Spalding was seeking pure spontaneity.
"You have to have a lot of confidence to do that, though," Mason said.
"Yeah, or just foolishness. And I think they're closely allied in the psyche — the fool and the hero," she joked. "You have to be willing to be heard not being cool, smart, on it, or brilliant. A big element of this was just accepting that wholeheartedly."
Growing up in Portland, Oregon, Spalding started playing violin at age four.
"Not because I was in love with the instrument, but because I had seen Yo Yo Ma perform on 'Mister Rogers' Neighborhood' and I didn't know the word 'cello.' So, I said, 'Mom, mom, mom, mom.
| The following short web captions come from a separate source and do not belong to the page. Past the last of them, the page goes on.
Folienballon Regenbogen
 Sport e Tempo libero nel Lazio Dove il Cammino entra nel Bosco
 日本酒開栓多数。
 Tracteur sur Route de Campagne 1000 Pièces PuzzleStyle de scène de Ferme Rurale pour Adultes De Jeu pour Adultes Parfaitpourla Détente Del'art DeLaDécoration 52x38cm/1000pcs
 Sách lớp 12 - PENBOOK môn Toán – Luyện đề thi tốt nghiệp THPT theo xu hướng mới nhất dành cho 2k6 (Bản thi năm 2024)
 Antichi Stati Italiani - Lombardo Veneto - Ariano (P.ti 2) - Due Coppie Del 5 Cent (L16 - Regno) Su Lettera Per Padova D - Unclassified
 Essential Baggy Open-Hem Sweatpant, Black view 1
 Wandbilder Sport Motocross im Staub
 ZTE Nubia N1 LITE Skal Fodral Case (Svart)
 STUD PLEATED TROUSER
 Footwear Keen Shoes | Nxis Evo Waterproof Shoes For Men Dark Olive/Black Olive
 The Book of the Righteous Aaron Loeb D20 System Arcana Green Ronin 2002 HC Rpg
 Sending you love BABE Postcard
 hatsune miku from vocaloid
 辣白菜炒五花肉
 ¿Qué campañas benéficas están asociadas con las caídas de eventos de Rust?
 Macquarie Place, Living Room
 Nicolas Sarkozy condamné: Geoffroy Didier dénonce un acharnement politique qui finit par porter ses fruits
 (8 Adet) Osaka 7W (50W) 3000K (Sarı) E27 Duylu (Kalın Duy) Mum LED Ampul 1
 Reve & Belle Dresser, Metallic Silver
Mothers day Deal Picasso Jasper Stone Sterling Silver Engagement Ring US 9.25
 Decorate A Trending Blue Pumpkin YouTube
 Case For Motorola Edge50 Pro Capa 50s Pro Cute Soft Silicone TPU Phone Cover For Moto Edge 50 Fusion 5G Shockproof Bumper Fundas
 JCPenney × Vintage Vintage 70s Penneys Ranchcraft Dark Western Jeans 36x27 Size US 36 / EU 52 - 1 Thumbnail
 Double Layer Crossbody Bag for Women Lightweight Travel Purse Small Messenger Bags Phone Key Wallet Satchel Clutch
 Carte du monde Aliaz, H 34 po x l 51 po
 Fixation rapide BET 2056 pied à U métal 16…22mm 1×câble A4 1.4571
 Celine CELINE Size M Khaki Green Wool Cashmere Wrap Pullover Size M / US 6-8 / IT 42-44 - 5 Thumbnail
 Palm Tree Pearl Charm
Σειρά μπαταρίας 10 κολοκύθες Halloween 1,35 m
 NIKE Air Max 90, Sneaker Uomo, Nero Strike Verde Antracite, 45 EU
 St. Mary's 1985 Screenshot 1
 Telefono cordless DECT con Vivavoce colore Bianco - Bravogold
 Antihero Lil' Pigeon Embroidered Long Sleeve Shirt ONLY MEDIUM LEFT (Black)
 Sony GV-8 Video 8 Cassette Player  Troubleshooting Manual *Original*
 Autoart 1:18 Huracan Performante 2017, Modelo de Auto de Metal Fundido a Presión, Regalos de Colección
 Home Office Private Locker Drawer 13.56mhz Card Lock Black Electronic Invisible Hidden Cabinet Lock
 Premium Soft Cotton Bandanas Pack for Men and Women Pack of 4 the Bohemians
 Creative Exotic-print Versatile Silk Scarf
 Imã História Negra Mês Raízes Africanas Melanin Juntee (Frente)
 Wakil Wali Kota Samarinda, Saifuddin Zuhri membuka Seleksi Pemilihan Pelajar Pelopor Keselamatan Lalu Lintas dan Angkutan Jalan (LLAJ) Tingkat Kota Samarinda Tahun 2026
I wanna play the violin,'" Spalding recalled.
Within a year, she was playing with a chamber music orchestra.
"It was such a heightened experience compared to everything else that I felt as a kid. I wanted to get it again and again. I wanted to be in that environment," Spalding said.
Her debut album, "Esperanza," released in 2008, spent 78 weeks on the Billboard jazz chart.
She was invited to perform at the White House and then she won that best new artist Grammy, beating out, among others, Justin Bieber.
"My brother cried. That was the best part," she said. "He's so stoic."
"It opened up so much stuff in such a ridiculously major way."
She will release just 7,777 CD and vinyl copies of the new record. They were sold out before the session even started.
"I put that in place to kind of keep me committed 'cause I knew I was gonna get scared right before it was time to jump," Spalding said.
And scared she was. She was afraid of being a loser.
Spalding says she took inspiration from her idol, the great saxophonist Wayne Shorter.
"Somebody asked him, like, 'Can you define jazz for us?' And he said, 'Yeah, jazz means I dare you,'" she said. "That's what we did for 77 hours. We just dared."
Spalding's new album will be shipped to the 7,777 customers soon.